(SOURCE RECORDS begins)
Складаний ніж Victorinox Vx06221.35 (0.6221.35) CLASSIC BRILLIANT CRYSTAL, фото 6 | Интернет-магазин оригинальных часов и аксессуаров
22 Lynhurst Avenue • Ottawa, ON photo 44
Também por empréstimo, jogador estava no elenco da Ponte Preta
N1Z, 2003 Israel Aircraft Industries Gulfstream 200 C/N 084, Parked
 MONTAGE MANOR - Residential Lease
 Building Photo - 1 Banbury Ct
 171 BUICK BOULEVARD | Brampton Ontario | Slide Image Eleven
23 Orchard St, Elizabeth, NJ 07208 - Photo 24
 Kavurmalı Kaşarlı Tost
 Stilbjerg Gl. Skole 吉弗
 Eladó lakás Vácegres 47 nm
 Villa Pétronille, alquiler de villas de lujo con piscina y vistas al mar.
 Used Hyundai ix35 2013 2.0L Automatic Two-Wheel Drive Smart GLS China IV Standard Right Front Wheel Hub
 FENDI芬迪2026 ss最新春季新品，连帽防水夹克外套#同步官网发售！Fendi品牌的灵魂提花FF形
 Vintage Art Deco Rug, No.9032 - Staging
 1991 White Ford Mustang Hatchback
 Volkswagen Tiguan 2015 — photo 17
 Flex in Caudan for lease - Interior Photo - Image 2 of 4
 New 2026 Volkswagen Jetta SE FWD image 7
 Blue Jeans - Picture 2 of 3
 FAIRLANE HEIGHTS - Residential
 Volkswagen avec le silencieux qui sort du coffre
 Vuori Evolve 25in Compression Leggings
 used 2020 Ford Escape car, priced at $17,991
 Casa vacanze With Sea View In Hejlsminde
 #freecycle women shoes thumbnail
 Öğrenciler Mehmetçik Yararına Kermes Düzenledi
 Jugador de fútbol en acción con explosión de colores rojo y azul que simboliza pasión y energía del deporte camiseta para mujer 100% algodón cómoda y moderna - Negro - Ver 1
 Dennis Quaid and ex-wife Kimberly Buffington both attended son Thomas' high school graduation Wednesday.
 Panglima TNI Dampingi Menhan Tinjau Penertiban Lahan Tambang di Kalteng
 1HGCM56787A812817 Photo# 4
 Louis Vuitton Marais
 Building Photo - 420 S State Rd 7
(SOURCE RECORDS ends)
> _PROBLEM TO SOLVE_
All of the entries should be repeated word for word.

> _TASK ANSWER_
Складаний ніж Victorinox Vx06221.35 (0.6221.35) CLASSIC BRILLIANT CRYSTAL, фото 6 | Интернет-магазин оригинальных часов и аксессуаров
22 Lynhurst Avenue • Ottawa, ON photo 44
Também por empréstimo, jogador estava no elenco da Ponte Preta
N1Z, 2003 Israel Aircraft Industries Gulfstream 200 C/N 084, Parked
 MONTAGE MANOR - Residential Lease
 Building Photo - 1 Banbury Ct
 171 BUICK BOULEVARD | Brampton Ontario | Slide Image Eleven
23 Orchard St, Elizabeth, NJ 07208 - Photo 24
 Kavurmalı Kaşarlı Tost
 Stilbjerg Gl. Skole 吉弗
 Eladó lakás Vácegres 47 nm
 Villa Pétronille, alquiler de villas de lujo con piscina y vistas al mar.
 Used Hyundai ix35 2013 2.0L Automatic Two-Wheel Drive Smart GLS China IV Standard Right Front Wheel Hub
 FENDI芬迪2026 ss最新春季新品，连帽防水夹克外套#同步官网发售！Fendi品牌的灵魂提花FF形
 Vintage Art Deco Rug, No.9032 - Staging
 1991 White Ford Mustang Hatchback
 Volkswagen Tiguan 2015 — photo 17
 Flex in Caudan for lease - Interior Photo - Image 2 of 4
 New 2026 Volkswagen Jetta SE FWD image 7
 Blue Jeans - Picture 2 of 3
 FAIRLANE HEIGHTS - Residential
 Volkswagen avec le silencieux qui sort du coffre
 Vuori Evolve 25in Compression Leggings
 used 2020 Ford Escape car, priced at $17,991
 Casa vacanze With Sea View In Hejlsminde
 #freecycle women shoes thumbnail
 Öğrenciler Mehmetçik Yararına Kermes Düzenledi
 Jugador de fútbol en acción con explosión de colores rojo y azul que simboliza pasión y energía del deporte camiseta para mujer 100% algodón cómoda y moderna - Negro - Ver 1
 Dennis Quaid and ex-wife Kimberly Buffington both attended son Thomas' high school graduation Wednesday.
 Panglima TNI Dampingi Menhan Tinjau Penertiban Lahan Tambang di Kalteng
 1HGCM56787A812817 Photo# 4
 Louis Vuitton Marais
 Building Photo - 420 S State Rd 7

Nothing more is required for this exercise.